(Entries supplied begins)
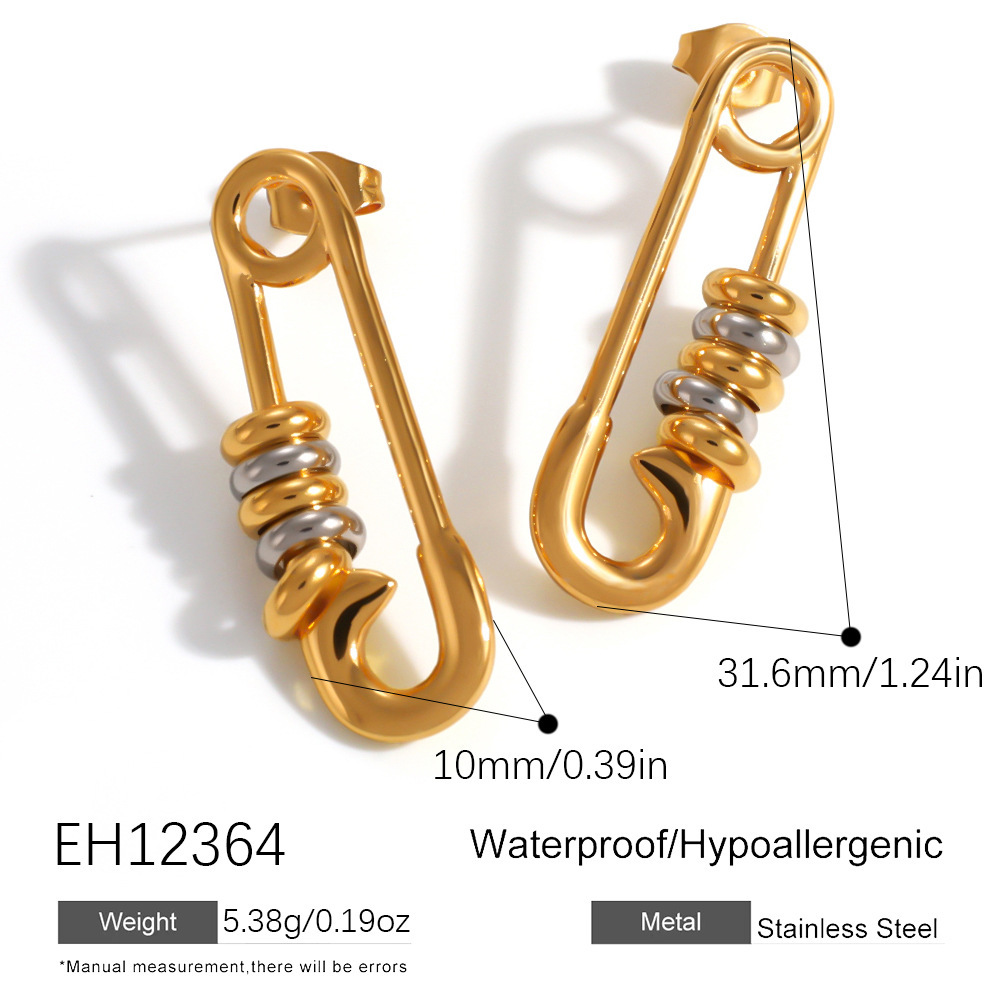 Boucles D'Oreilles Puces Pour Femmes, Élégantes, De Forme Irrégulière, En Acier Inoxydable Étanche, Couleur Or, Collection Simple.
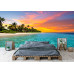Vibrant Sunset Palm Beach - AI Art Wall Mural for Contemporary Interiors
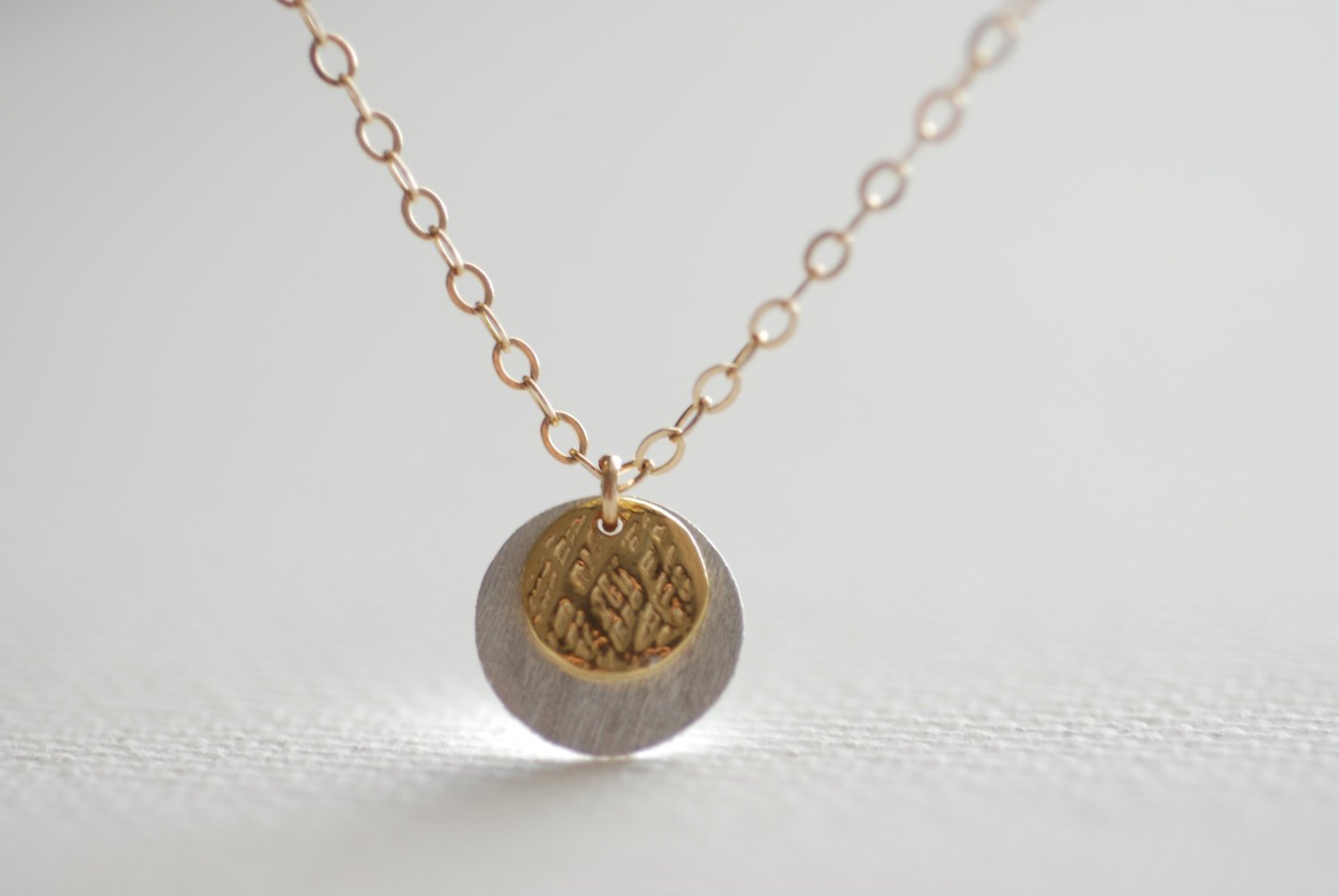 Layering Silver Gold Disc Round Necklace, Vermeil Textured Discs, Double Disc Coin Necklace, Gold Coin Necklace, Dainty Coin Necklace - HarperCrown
(Entries supplied ends)
(Entries supplied begins)
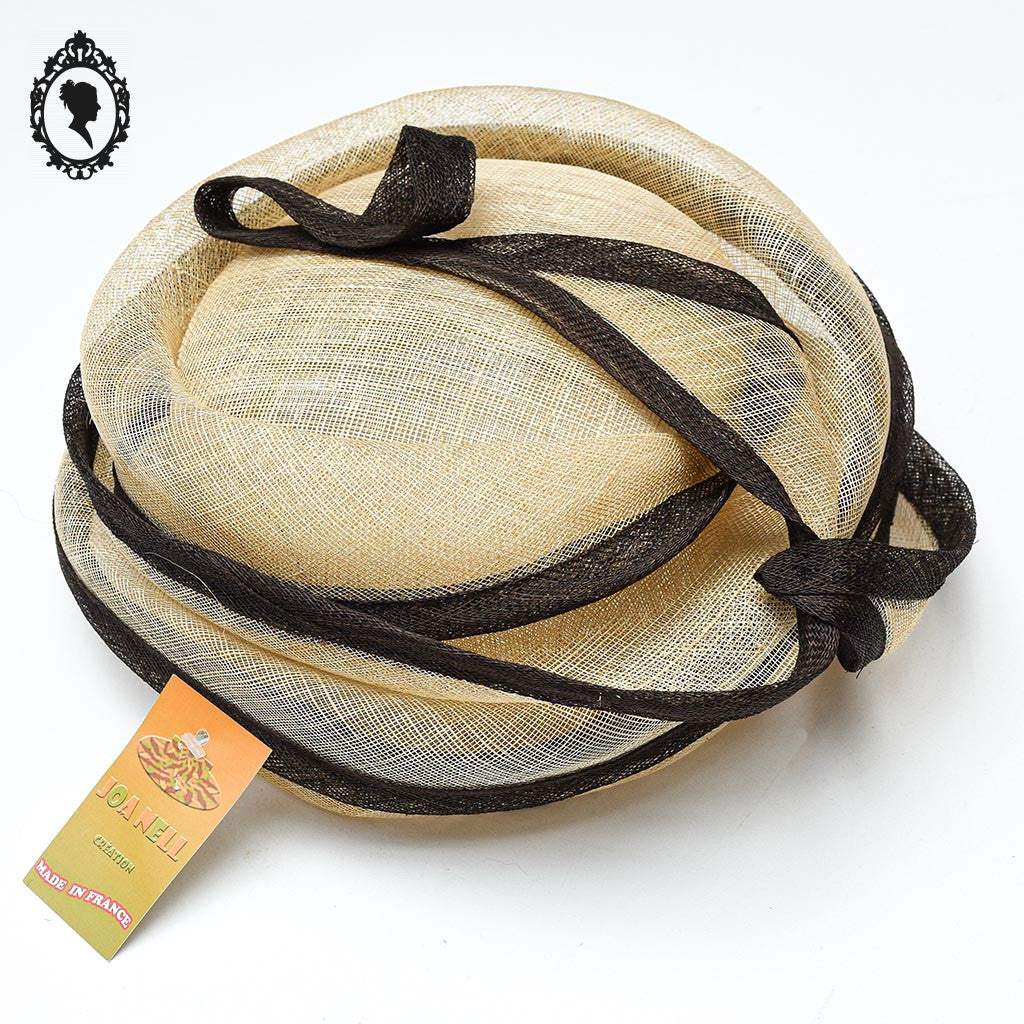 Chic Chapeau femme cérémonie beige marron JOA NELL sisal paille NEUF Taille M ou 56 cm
(Entries supplied ends)
Up in the listing, locate the line with "Boucles D'Oreilles Puces"; print it and every line after it down to the line with "Layering Silver Gold", which is included too. Skip the pictures.

# [Exercise response]
 Boucles D'Oreilles Puces Pour Femmes, Élégantes, De Forme Irrégulière, En Acier Inoxydable Étanche, Couleur Or, Collection Simple.
Vibrant Sunset Palm Beach - AI Art Wall Mural for Contemporary Interiors
 Layering Silver Gold Disc Round Necklace, Vermeil Textured Discs, Double Disc Coin Necklace, Gold Coin Necklace, Dainty Coin Necklace - HarperCrown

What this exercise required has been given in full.